Find the line in the entries below that contains "Ashika 112-4PK1470 V-ribbed". Repeat it exactly, and every line after it through the line that contains "NEW FIFA23 FUT23".
### INPUT RECORDS ###
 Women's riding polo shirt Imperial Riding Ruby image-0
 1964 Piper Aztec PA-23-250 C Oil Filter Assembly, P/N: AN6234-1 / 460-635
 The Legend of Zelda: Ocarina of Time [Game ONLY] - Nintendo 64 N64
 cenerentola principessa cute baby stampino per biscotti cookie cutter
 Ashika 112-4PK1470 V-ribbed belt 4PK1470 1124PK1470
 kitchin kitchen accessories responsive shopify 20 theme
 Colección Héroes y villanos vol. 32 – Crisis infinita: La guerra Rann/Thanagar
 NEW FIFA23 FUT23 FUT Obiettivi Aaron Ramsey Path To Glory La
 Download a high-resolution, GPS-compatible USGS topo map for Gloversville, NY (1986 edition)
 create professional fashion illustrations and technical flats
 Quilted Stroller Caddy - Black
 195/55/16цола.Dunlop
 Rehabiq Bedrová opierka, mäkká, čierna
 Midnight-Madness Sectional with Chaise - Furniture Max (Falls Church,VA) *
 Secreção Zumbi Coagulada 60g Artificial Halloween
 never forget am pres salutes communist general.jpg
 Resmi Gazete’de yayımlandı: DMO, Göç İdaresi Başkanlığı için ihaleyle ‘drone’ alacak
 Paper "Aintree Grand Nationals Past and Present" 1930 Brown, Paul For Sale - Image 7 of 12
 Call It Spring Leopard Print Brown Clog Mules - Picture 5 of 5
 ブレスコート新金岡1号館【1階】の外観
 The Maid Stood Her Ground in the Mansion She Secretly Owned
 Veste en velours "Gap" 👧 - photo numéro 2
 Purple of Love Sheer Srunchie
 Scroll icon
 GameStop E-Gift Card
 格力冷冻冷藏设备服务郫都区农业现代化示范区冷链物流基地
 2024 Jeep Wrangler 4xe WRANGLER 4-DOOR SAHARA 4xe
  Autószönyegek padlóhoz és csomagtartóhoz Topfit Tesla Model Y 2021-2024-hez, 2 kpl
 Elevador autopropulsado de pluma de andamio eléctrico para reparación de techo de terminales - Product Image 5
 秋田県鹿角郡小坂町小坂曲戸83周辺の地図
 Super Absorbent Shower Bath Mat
###
SOLVED EXERCISE
 Ashika 112-4PK1470 V-ribbed belt 4PK1470 1124PK1470
 kitchin kitchen accessories responsive shopify 20 theme
 Colección Héroes y villanos vol. 32 – Crisis infinita: La guerra Rann/Thanagar
 NEW FIFA23 FUT23 FUT Obiettivi Aaron Ramsey Path To Glory La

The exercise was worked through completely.